Jeremy (00:13:25): So that gets in a little bit deeper into the approach that we arrived at. So there’s more than one way to do reconciliation and something I’d recommend to people who are moving just a single application, which ideally it’s a situation you’d be in. So a little digression. Looking back, the ideal way to set up AWS accounts in the first place is around these kind of scopes of kind of responsibility radius, blast radius of if you ever wanted to leave, you got to take your whole account out. So don’t go putting a bunch of buckets from different places, don’t share an account. Like make accounts early and often so that accounts are aligned with your application. So that gives you the flexibility to move one application at a time. We were in that situation to some extent with some of our newer stuff, but our older applications, we had a shared account, so we needed to do everything all at once.

(00:14:30): And when you have multiple storage systems in a single account and you need to move them all, you can’t tailor the solution for the system that’s being moved. Instead, you need something that’s going to work for all of them. So that led us to, it’s got to be something that’s at a lower level and is mostly transparent to the applications we were running. So if I were doing this with a modern rails app, this is something I’d build into Active Storage at the application level.
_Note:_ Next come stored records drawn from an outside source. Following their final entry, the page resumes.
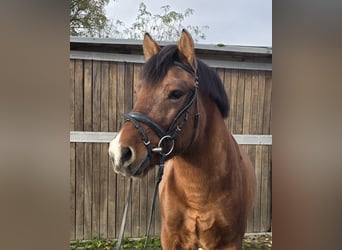 Hutsul, Caballo castrado, 4 años, 145 cm, Castaño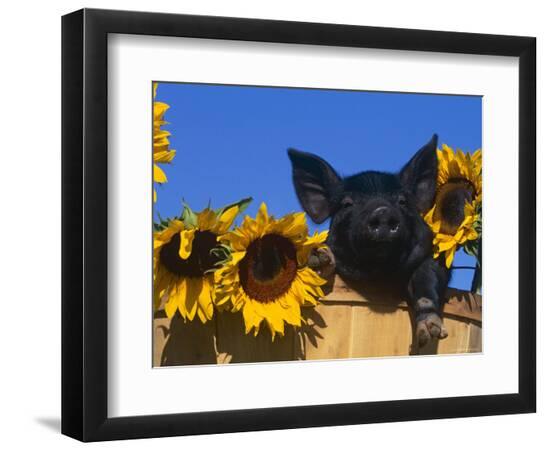 Premium Photographic Print, , large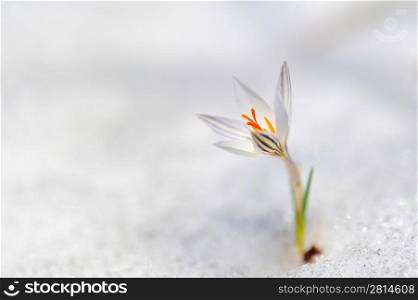 crocus flowers in the snow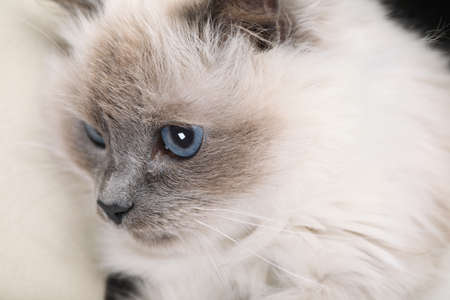 Birman cat with beautiful blue eyes, closeupの写真素材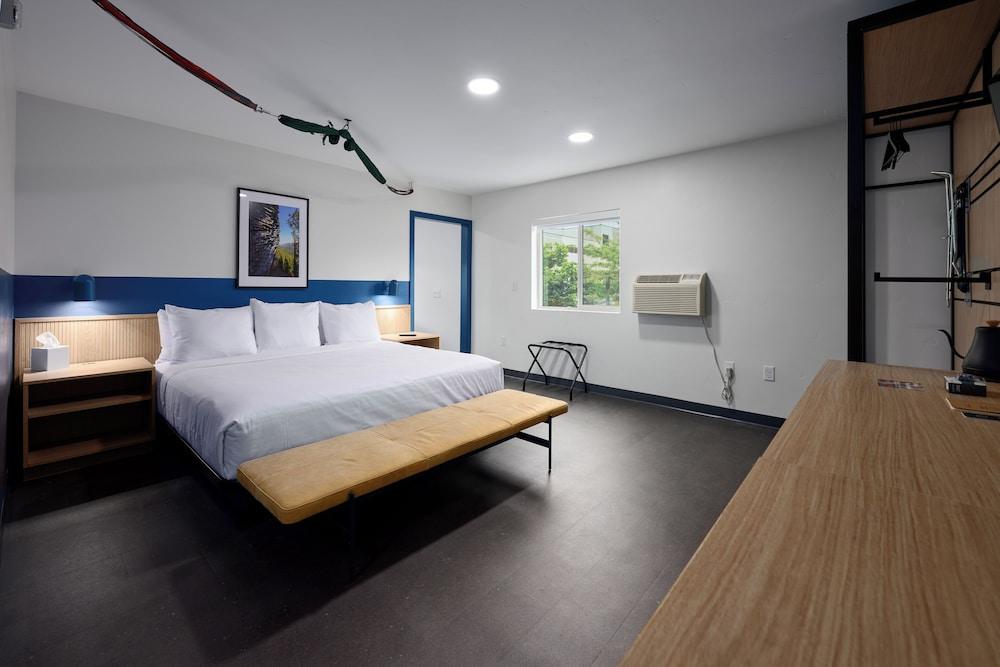 LOGE Missoula photo 27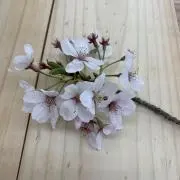 じりの画像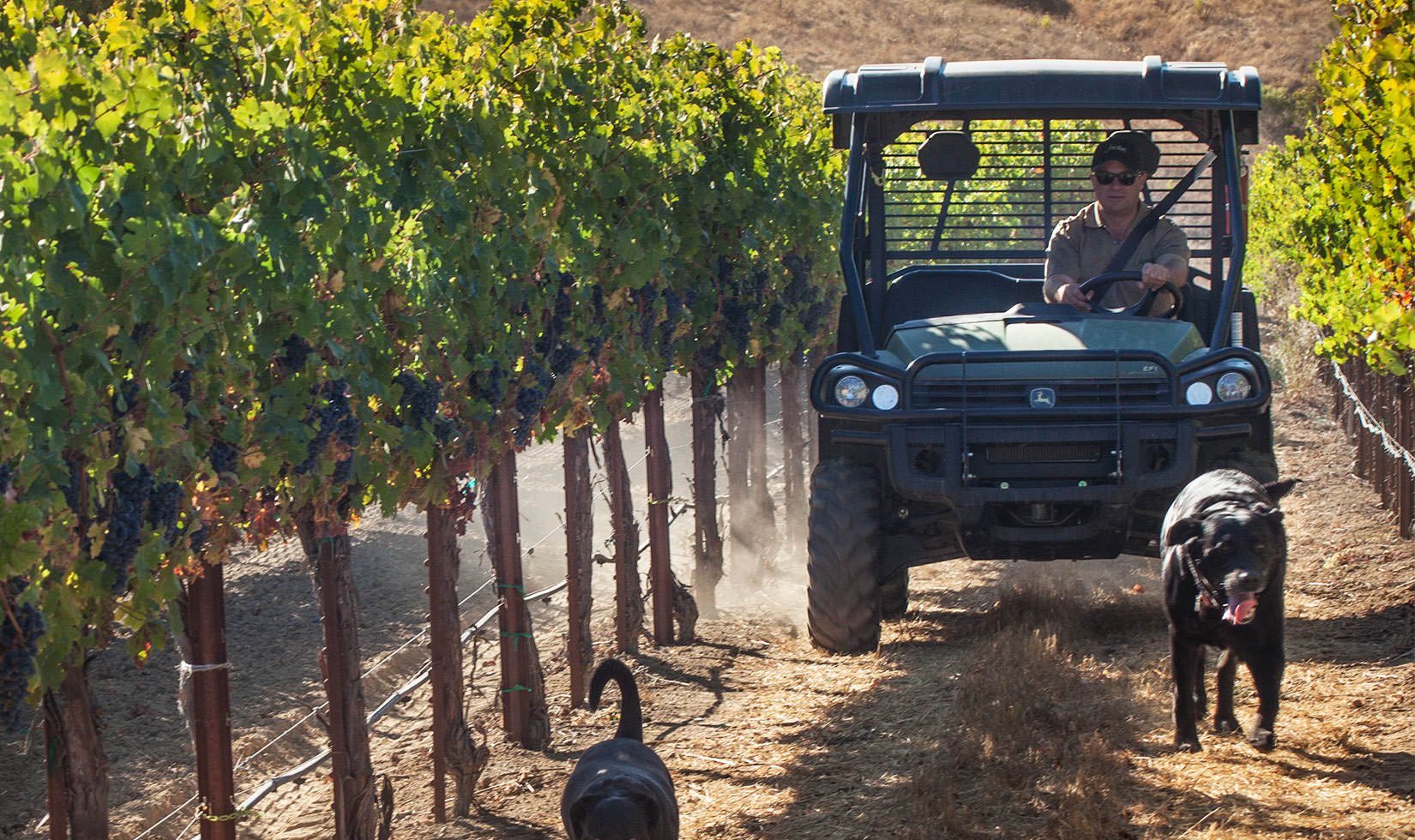 John Jordan, CEO and proprietor of Jordan Winery in an ATV driving through a vineyard with two of his dogs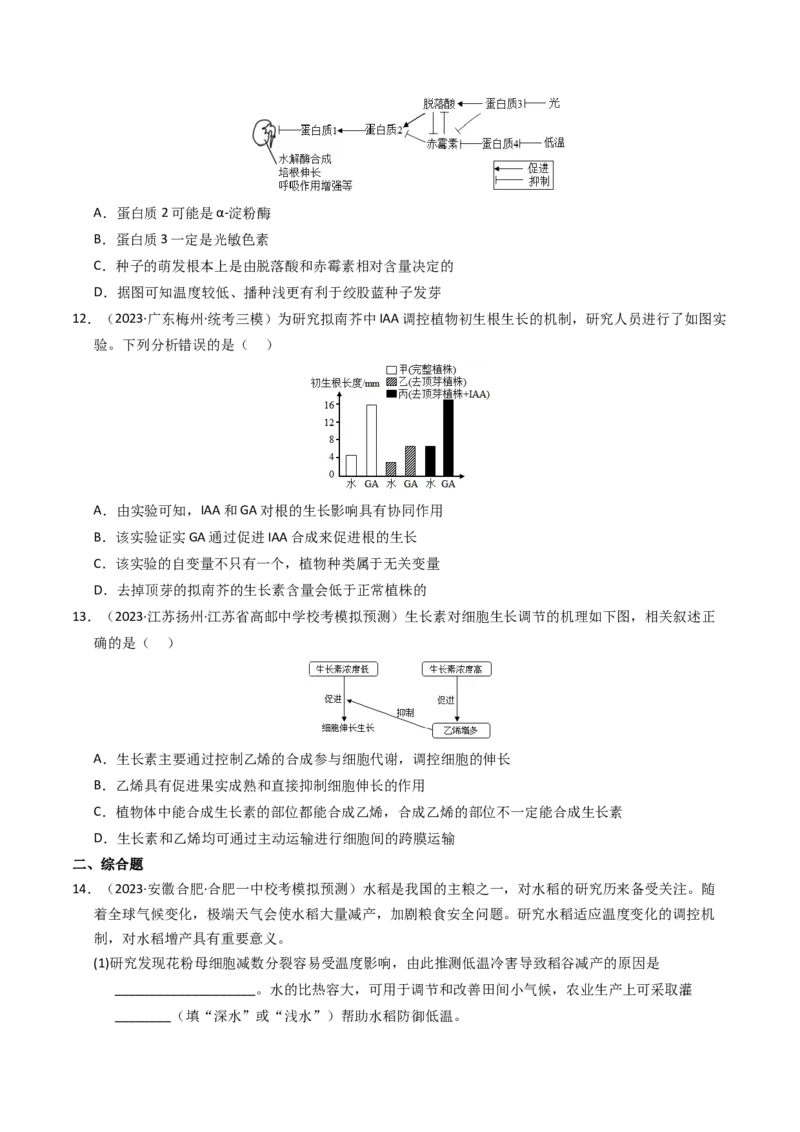 专题10植物的激素调节（学生卷）_近10年高考真题汇编（必刷）_十年（2014-2024）高考生物真题分项汇编（全国通用）_2023年高考真题和模拟题生物分项汇编（全国通用）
I’d build in some kind of modeling for where things are stored. So you get metadata within the application itself, knowing that I’ve got this object stored in AWS and I’ve also have it stored in my, whatever my new destination storage is. And so the process would be that I’ve got some rule that says I need to copy storage and they need to be in each of these locations.

(00:15:23): And so the application could do that with just a bunch of active jobs, copying things on its own, could do it lazily in the background and just let it trickle through, if you didn’t have these other constraints of you got to get it all done, you got to blast it at maximum speed and you’ve got to make it work with, and you got to make it work with older apps. So not all of our stuff is on latest Rails and we extracted active storage from our own apps. And so most of our older apps are using older abstractions that were kind of the source of the extraction. So we needed to be compatible with all these possible systems. So we needed something lower level.

Fernando (00:16:04): So we built…?

Jeremy (00:16:05): So we built something. We didn’t want to build something, but we also didn’t want to pay a lot of money. So kind of rock and hard place thing. And we are in the position of having expertise. We are a technical organization. We have programming and operations teams. We do all this stuff. So it’s natural for us to do our jobs. Maybe this isn’t the thing that we’d outsource. If there was a natural fit, we would. And in fact, we did to the greatest extent we could by picking purpose-built tools to do each of the jobs. And in fact, we went through multiple iterations. As we got closer and closer to the kickoff of we want to begin the copy, we reinvented the system that we built to do copying several times as we discovered kind of quicker, simpler, straighter paths to do that job. So we started out with something that would be dead simple, of distributing jobs over a bucket itself, would store objects and each object would be a file manifest.

(00:17:21): And then that file manifest would be available to a bunch of workers. We’d spin up as many workers as we needed to saturate whatever bottleneck we had. So the bottleneck could be our network connection, how fast we could pull things from S3. It could be our write rate to our destination storage. How quickly can we write objects and are we bandwith limited? Is there a metadata limit on the IO operations per second, or is it going to be the S3 read rate? So we can discover all these things.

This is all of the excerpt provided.